Congress recently passed new rules designed to remove the attractiveness of corporate tax inversions. Tax inversions are considered to be a strategy that corporations utilize to improve operational efficiencies and reduce their tax burden. Did Congress get it right? Will the new rules accomplish what the administration and many members of Congress desire?...

Today’s notice removes benefits of these “hopscotch” loans by providing that such loans are considered “U.S. property” for purposes of applying the anti-avoidance rule. The same dividend rules will now apply as if the CFC had made a loan to the U.S. parent prior to the inversion...

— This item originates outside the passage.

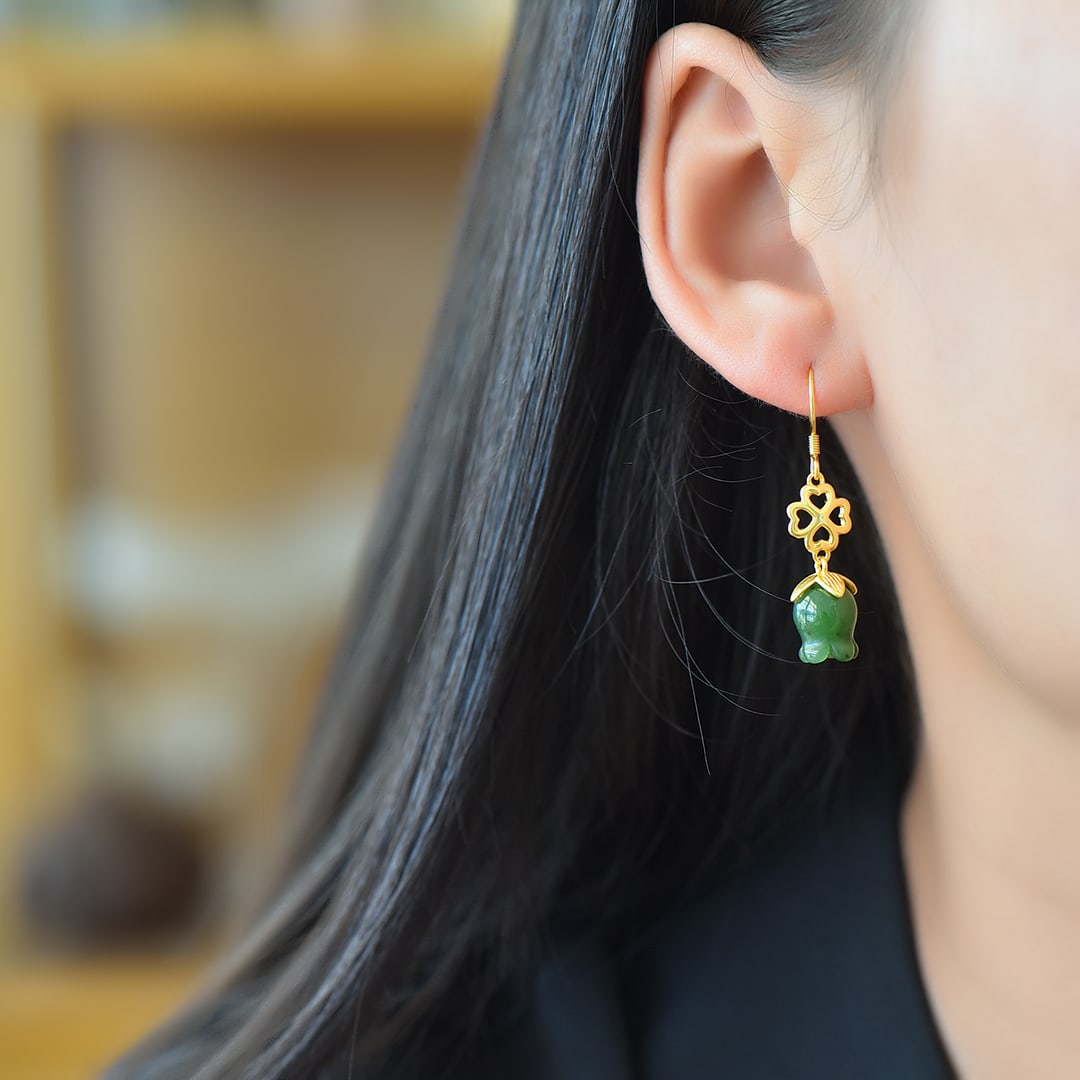 A Pair of Exquisite Sterling Silver-Gold Plated Inlaid Jasper Earrings: A Pair of Exquisite Sterling Silver-Gold Plated Inlaid Jasper Earrings,Size:9mmx11mm 一对纯银镀金镶碧玉耳环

This rule attacks the so-called “hopscotch loans.” Are there ways to circumvent this rule. In other words, will corporations be able to identify strategies which allow them to continue reaping the benefits of inversions? Here’s what Sam Lichtman, a partner in the Tax Practice Group in the New York office of Haynes and Boone, LLP, had to say about it:

Under the Notice, “any obligation or stock of a foreign related person…will be treated as United States property” resulting in a deemed divided. One potential method to navigate around this rule may be for the cash rich foreign subsidiary to make an advance or prepayment to a foreign affiliate organized in a low-tax or tax haven jurisdiction for inter-company goods or IP or under certain prepaid derivative contracts. Although certain upfront payments are treated as “obligations” for purposes of these rules, there are categories of payments that would not be treated as giving rise to an “obligation.” Absent an inversion, these advance payments by the foreign subsidiary would be includible in income for U.S. tax purposes regardless of whether the payment is structured as a loan or deposit (giving rise to a deemed dividend) or as a business payable (giving rise to operating income). Thus the new notice does not entirely remove the benefits of an inversion with respect to certain “hopscotch” transactions.